Stone 16 and the Missing Stone 15: A Paired-Breast Hypothesis
Stone 16 sits
on the south-western arc of the sarsen circle, on the primary solstitial axis —
the line connecting the midsummer sunrise to the north-east with the midwinter
sunset to the south-west. The breast-like protrusion is on its north-eastern
face: the side facing the interior of the monument, and the direction from
which the last light of the midwinter sun would have entered the circle before
setting between the uprights of the Great Trilithon.
Stone 15, its
immediate neighbour to the south, is missing. Its stonehole survives, and its
former position is marked on all modern plans, but no fragment of the stone has
been identified. We cannot know how its faces were dressed or whether it
carried any features. What we can say is that Stones 15 and 16, standing side
by side on the south-western arc, would have flanked the view from inside the
circle toward the midwinter sunset.
Given that the
Atlantic Neolithic breast motif overwhelmingly appears in bilateral pairs, it
is reasonable to ask whether Stone 15 once carried a matching protrusion on its
own north-eastern face. If so, the two stones together would have presented a
pair of breasts to anyone standing inside the circle and looking toward the
solstitial sunset — a pair of retained bosses on otherwise finely dressed
surfaces, flanking the solar corridor.
Interpretation: Fertility at the Solstitial Threshold
The placement
of such a motif on the solstitial alignment would not be anomalous. It would,
in fact, be entirely consistent with the broader Neolithic use of breast
imagery.
In the Breton
allées couvertes, breasts appear at the threshold of the burial chamber — the
boundary between the world of the living and the world of the dead. In passage
graves, the corridor itself functions as a symbolic birth canal, and the
chamber as a womb; breast imagery near the entrance reinforces the association
with nurture and regeneration. At the Kerloas menhir, the breast-bosses are
associated with fertility rites in which the stone mediates between human
aspiration and cosmic process.
At Stonehenge,
the midwinter sunset marks the nadir of the solar year: the shortest day, the
moment when the sun “dies.” English Heritage’s own analysis emphasises that
midwinter, rather than midsummer, was probably the more important focus for the
builders, given the monument’s orientation and the evidence for large-scale
midwinter feasting at Durrington Walls. The midwinter sunset, sinking between
the uprights of the Great Trilithon and falling onto the Altar Stone, was the
central dramatic event of the monument.
To place a
breast — or a pair of breasts — at the inner threshold of the circle, on the
solstitial line, would have been to frame that moment of solar death with a
symbol of nurture and renewal. This is precisely the logic we see at Newgrange,
where the midwinter sunrise penetrates a womb-like chamber, and at the Breton
passage graves, where breast imagery guards the passage between death and
regeneration. The builders of Stonehenge were participants in the same Atlantic
cultural world that produced the breast carvings at Tressé, Prajou-Menhir, and
now Boscawen-ûn. It would be more surprising if that symbolic vocabulary were
entirely absent from the monument.
Caveats
Several
important caveats must be stated. First, Stone 16’s protrusion has not been
subjected to the kind of photogrammetric or RTI analysis that Goskar applied at
Boscawen-ûn. A 3D surface survey would help to establish whether the feature
was shaped or merely retained, and how it compares dimensionally and
morphologically with the Kerloas bosses and the Boscawen-ûn reliefs.
Second, Stone
15 is entirely missing. The paired-breast hypothesis therefore rests on analogy
with the wider tradition rather than on direct evidence from the missing stone.
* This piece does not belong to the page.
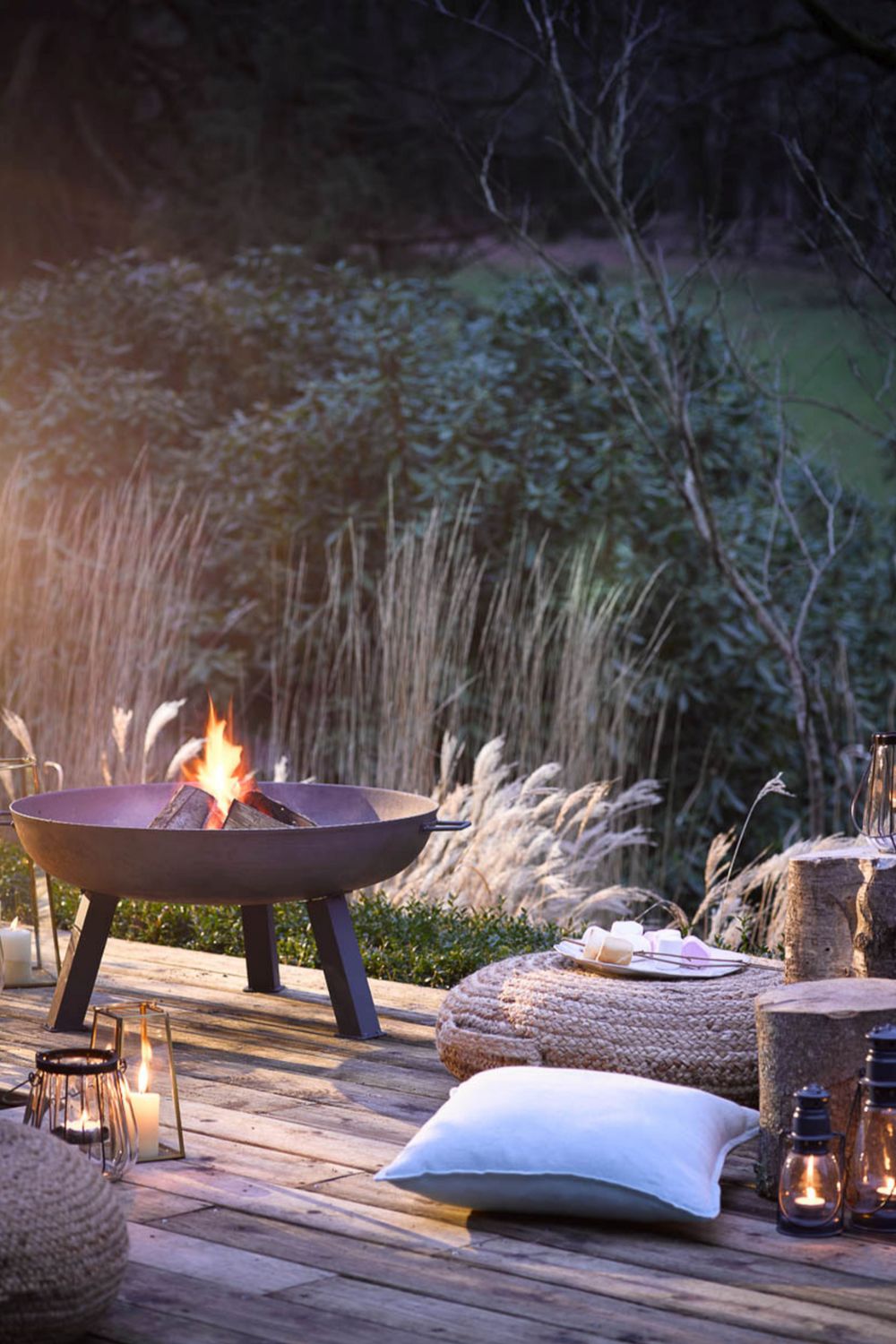 A cozy outdoor living area at dusk with a fire pit, candles, cushions, and wicker stools on a fashionable wooden deck surrounded by tall grass.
It is an inference, not a demonstrated fact.
Third, the
Boscawen-ûn breast identifications, while produced by rigorous digital methods,
remain tentative. Goskar himself frames them as features that “appear very
similar to” Breton examples, not as certain identifications. The coarse Lands
End granite makes fine detail difficult to resolve.
Fourth, Stone
16’s protrusion is a single feature on a single face, not a carved pair. If the
paired-breast reading is to hold, it requires the cooperation of a stone that
no longer exists. This is speculative archaeology in the fullest sense.
Conclusion
The protrusion
on Stone 16 is not a natural accident left by careless workmanship. The stone’s
north-eastern face was dressed to a standard of finish that demonstrates
complete control of the material. The boss was retained by choice. Its position
— on the solstitial alignment face, at roughly head height, on the inner side
of the circle — is consistent with the placement of breast motifs in the
broader Atlantic Neolithic tradition: at thresholds, on alignment faces, in
contexts associated with death and regeneration.
With the
identification of probable breast carvings at Boscawen-ûn in 2015 and at Carn
Leskys in 2024, the breast motif is no longer confined to Brittany and the
Channel Islands. It is present in Cornwall, within the same broadly Atlantic
cultural zone that Stonehenge’s builders inhabited. The case for reading Stone
16’s protrusion as an intentional breast, and for hypothesising a matching
feature on the lost Stone 15, is stronger than it was a decade ago.
A
photogrammetric survey of Stone 16’s north-eastern face would be a worthwhile
next step.
References
Goskar, T. A. (2015). “Neolithic Breton-Style Rock Art at Boscawen-ûn Stone Circle.” tom.goskar.com, 14 September 2015.
Goskar, T. A. (2024). “A Cornish Rock Art Discovery at Carn Leskys — the Carn of Burnings.” tom.goskar.com, 25 June 2024.
Scarre, C. (2011). Landscapes of Neolithic Brittany. Oxford: Oxford University Press.
Shee Twohig, E. (1981). The Megalithic Art of Western Europe. Oxford: Clarendon Press.
L’Helgouac’h, J. (1995). “La sculpture des mégalithes armoricains.” In Scarre, C. & Healy, F. (eds), Trade and Exchange in Prehistoric Europe. Oxford: Oxbow.
Kinnes, I. (1995). “Statue-menhirs and allied representations in Northern France and the Channel Islands.” In Casini, S., de Marinis, R. C. & Pedrotti, A. (eds), Statue-Stele e massi Incisi nell’Europa dell’Età del Rame. Notizie Archeologiche Bergomensi 3, pp. 131–41.
Kohring, S. (2015). “Stepping Stones: Art and Community on Prehistoric Guernsey, Channel Islands.” Oxford Journal of Archaeology 34(3), pp. 301–16.